Time series of 200 values with a clear upward jump around step 100 and a dashed vertical rule at that step. — Figure 1: Synthetic time series with a mean shift from 0.0 to 3.0 at step 100. The dashed red rule shows the break detected by the mean-only CUSUM at step 100 — exact agreement with the true break.

Two overlapping CUSUM curves both reaching their minimum near step 99 and returning toward zero by step 199; a dashed gray vertical line marks step 100. — Figure 2: CUSUM trajectories for mean-only (blue) and linear-trend (orange) OLS residuals. Both methods reach their maximum absolute value near step 99 and detect the break at step 100. With no trend in the data the two CUSUMs are nearly identical; the gray dashed line marks the true break.

Testing

CUSUM of zero residuals

If all residuals are zero the CUSUM is identically zero. This confirms the function is a pure cumulative sum with no hidden offset.

CUSUM matches `np.cumsum`

CUSUM is defined as the cumulative sum of residuals, so it must match np.cumsum on the same array exactly. Any discrepancy would indicate an indexing bug.

Residuals sum to zero

For both the mean-only and linear-trend fits, residuals must sum to zero. Subtracting the sample mean centers the data exactly; np.polyfit with an intercept term also centers the residuals. A failure would indicate an error in the subtraction or fitting step.

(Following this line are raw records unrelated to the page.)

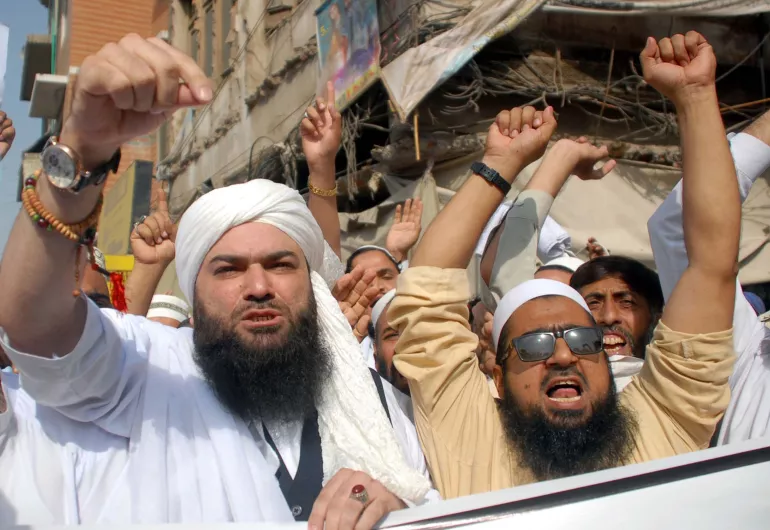 Activists march with fists in the air in Peshawar, Pakistan.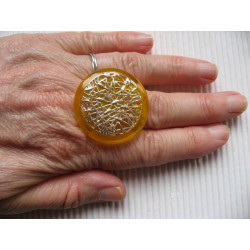 Large graphic ring, Silver print, on a yellow resin background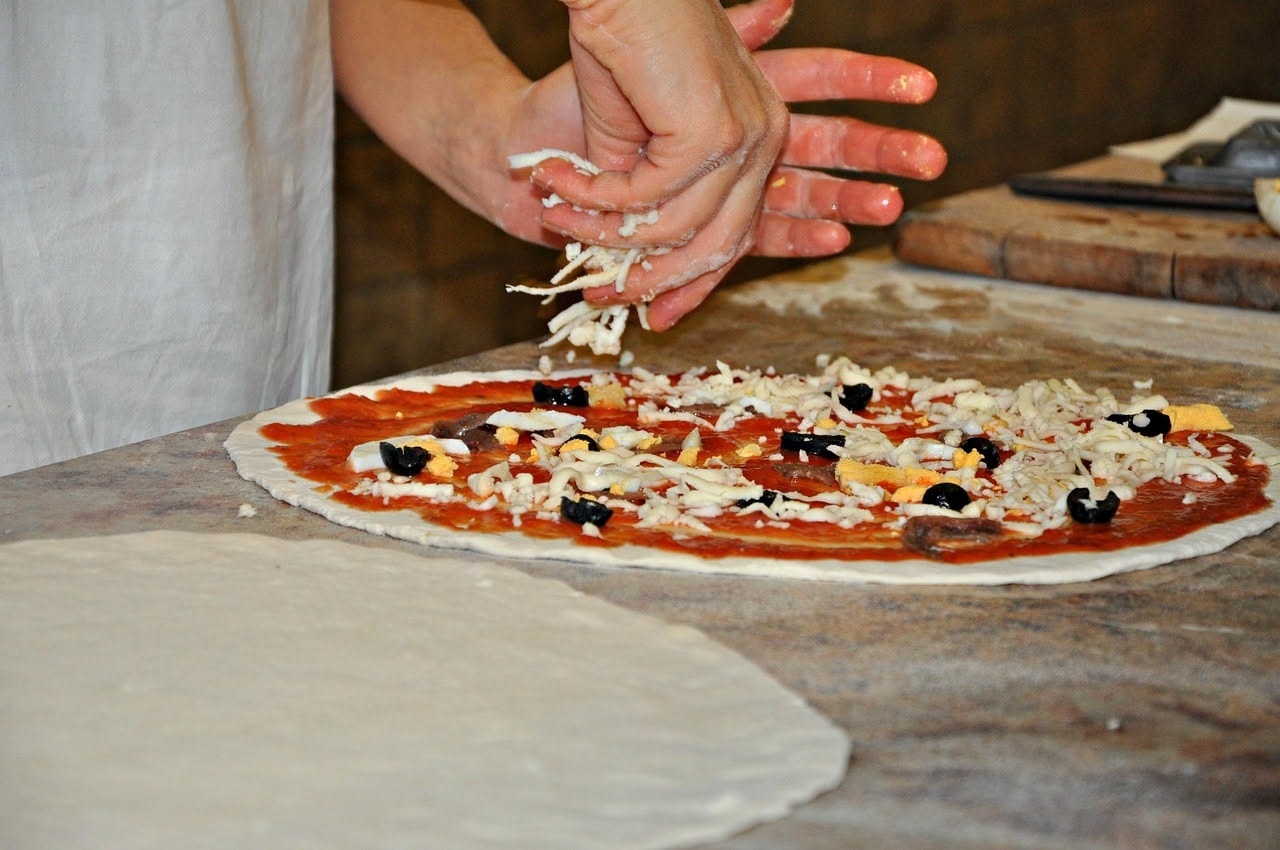 Un impasto bianco e lievitato in una ciotola di terracotta, con bolle di fermentazione visibili sulla superficie, circondato da chicchi di grano e una brocca d'acqua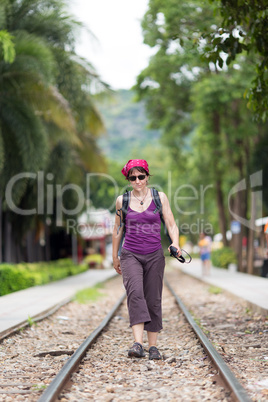 woman walking on railway
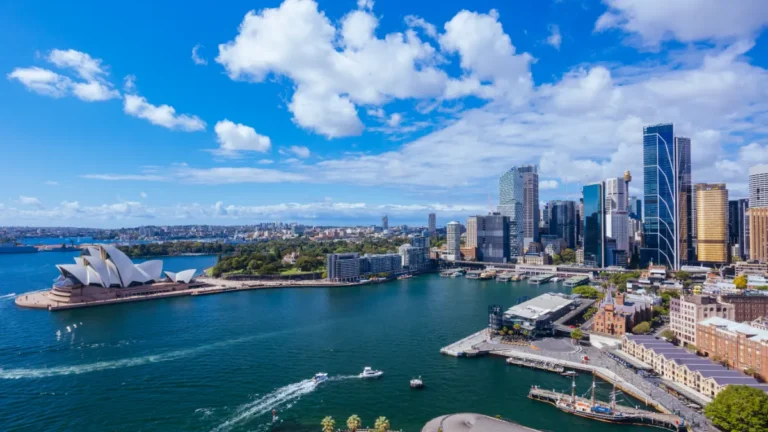 Sydney Harbour with the Opera House and high-rise skyline under a bright, cloud-filled sky.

Clean-signal break detection

With no noise, a 0→3 step function has residuals of $-1.5$ before the break and $+1.5$ after. The CUSUM decreases at rate 1.5 for 100 steps (reaching $-150$), then increases at rate 1.5 for 100 steps (returning to 0). The maximum absolute value is at index 99, so detect_break must return 99.

Noisy detection within ten steps

With seed 7493418 and signal-to-noise ratio 3, the estimated break location ($\hat{\tau} + 1$) must be within 10 steps of the true break at step 100. The tolerance of 10 is roughly $3\sigma / \sqrt{n} \approx 0.07$ of the series length — a generous margin given the high SNR.

import numpy as np
import pytest
from generate_breakpoint import make_breakpoint_data, BREAK_STEP, N_STEPS
from breakpoint import residuals_mean, residuals_trend, cusum, detect_break


def test_cusum_all_zero_residuals():
    # The CUSUM of a zero-residual sequence is identically zero.
    assert np.all(cusum(np.zeros(50)) == 0.0)


def test_cusum_matches_cumsum():
    # By definition CUSUM must equal numpy's cumsum on the same array.
    residuals = np.array([1.0, -2.0, 3.0, -0.5, 0.5])
    np.testing.assert_array_equal(cusum(residuals), np.cumsum(residuals))


def test_mean_residuals_sum_to_zero():
    # OLS residuals from a mean-only fit sum to zero because the least-squares
    # intercept equals the sample mean, centering the residuals exactly.
    df = make_breakpoint_data()
    values = df["value"].to_numpy()
    assert np.sum(residuals_mean(values)) == pytest.approx(0.0, abs=1e-10)


def test_trend_residuals_sum_to_zero():
    # OLS with an intercept always centers the residuals, so they also sum to
    # zero for the linear-trend fit.
    df = make_breakpoint_data()
    values = df["value"].to_numpy()
    assert np.sum(residuals_trend(values)) == pytest.approx(0.0, abs=1e-10)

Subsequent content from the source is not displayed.